No, and then yes.
Although these tags suck, anonymous, your question illustrates how revolution and rebellion are often misconstrued as the same thing. At least to my thinking they are not.
Any groups actively planning a revolution probably ought not be known to a group as unaccountable and alienated (as in: from each other, mediated via an interweb discussion board) as the folks on this site if they don't want to end up being sold some fake plastique by the FBI. Certainly no one who posts here /ought/ to tell you about their personal plans for a revolution.
When people talk about revolution, generally they are talking about a big event where we raise the flags, storm the palace, string up the last tyrant by the guts of the last capitalist, burn the church, burn the state, burn the money that makes us hate, and so on and so forth.
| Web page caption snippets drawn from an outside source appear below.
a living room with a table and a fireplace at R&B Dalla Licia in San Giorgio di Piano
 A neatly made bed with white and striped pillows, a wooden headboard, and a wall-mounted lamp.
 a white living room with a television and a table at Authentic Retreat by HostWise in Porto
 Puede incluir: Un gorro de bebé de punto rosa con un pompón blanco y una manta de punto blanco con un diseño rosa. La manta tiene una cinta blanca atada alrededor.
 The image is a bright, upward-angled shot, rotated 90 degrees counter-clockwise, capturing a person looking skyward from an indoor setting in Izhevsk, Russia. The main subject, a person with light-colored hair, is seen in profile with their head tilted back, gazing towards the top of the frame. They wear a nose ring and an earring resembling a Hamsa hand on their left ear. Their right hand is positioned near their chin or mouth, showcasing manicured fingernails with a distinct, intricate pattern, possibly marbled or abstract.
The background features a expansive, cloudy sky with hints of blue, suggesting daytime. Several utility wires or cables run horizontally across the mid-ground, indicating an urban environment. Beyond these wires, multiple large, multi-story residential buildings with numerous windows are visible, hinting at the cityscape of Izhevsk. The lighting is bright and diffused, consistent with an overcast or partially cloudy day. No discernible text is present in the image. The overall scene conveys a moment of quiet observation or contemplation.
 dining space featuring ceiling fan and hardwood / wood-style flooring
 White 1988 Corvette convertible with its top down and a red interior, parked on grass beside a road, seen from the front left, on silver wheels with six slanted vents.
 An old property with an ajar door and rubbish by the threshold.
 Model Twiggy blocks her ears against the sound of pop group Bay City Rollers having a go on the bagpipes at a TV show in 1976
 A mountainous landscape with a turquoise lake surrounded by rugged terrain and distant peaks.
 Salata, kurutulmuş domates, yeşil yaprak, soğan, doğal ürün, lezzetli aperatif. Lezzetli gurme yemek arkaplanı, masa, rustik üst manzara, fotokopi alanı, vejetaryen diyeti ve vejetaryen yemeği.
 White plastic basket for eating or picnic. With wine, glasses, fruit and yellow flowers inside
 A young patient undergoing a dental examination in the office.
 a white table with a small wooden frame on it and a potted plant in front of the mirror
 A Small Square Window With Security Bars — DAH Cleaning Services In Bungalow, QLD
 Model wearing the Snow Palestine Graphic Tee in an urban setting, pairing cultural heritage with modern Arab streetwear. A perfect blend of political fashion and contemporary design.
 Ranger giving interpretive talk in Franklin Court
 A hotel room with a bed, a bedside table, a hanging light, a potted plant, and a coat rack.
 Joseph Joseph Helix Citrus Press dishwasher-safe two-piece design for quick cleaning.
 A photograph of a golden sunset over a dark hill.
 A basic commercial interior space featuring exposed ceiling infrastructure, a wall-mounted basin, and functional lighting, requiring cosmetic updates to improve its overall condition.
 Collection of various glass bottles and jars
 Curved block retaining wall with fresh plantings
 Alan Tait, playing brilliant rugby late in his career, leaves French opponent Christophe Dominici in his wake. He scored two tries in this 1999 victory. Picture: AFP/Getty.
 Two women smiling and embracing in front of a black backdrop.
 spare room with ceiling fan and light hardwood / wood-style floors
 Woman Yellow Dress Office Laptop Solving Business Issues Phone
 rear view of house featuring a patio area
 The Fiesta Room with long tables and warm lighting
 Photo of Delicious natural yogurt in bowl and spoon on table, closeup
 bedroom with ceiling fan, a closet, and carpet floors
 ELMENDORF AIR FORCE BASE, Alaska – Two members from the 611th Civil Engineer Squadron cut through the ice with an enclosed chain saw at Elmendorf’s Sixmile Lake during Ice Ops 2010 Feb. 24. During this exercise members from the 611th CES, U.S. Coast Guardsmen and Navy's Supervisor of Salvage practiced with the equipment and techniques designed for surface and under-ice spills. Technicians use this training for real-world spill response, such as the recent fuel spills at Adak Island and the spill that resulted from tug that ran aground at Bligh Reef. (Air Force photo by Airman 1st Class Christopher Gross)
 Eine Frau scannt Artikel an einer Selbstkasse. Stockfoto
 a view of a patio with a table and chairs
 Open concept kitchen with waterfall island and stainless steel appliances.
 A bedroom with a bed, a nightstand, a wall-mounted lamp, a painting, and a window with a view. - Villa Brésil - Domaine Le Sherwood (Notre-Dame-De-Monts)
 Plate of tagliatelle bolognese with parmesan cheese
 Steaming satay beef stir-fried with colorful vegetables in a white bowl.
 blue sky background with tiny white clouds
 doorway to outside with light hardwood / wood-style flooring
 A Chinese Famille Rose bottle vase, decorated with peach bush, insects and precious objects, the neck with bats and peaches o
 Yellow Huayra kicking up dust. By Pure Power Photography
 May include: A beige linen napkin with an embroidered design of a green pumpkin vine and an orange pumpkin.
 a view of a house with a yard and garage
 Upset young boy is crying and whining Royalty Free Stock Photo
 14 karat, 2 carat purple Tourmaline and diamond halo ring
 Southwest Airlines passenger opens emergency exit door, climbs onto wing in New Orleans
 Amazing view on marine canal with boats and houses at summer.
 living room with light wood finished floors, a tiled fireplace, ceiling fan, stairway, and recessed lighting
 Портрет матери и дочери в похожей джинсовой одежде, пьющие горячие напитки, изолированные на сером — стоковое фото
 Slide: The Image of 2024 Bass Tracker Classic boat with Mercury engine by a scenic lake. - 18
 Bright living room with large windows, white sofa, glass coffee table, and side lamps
This revolution will, presumably, be followed with a new world (it was growing in the shell of the old!) of anarchism.
Rebelling against capitalism is a different bag. Lots of people rebel against capitalism all the time, in lots of ways. Some are spectacular (like smashing windows or bombing banks) and some are more everyday forms of rebelling, like (at risk of sounding like I'm CrimethIncin') stealing from work or shoplifting, informal systems of exchange, squatting and refusing to pay.
Most of us, most of the time, fall on the latter side of the rebellion spectrum. Some folks some of the time do the former, and an even smaller number go all out on the spectacular (and hat's off to them!). With rebellion against capitalism (or the state, or society, or all of them), the implication, at least to my thinking is that is something that is at once more visceral and more like a series of ongoing skirmishes with and subversions of what we hate. There is overlap, to be sure (and we haven’t even talked about how I would distinguish revolution and rebellion from revolt), but for the most part I tend to think of revolution as an idea that has more traction with leftists (whether anarchist or, especially, those who prefer one of the 31 flavors of Marxism), whereas most of the anarchists I associate with look for those moments where we have opportunities to widen or expand the moments of rebellion.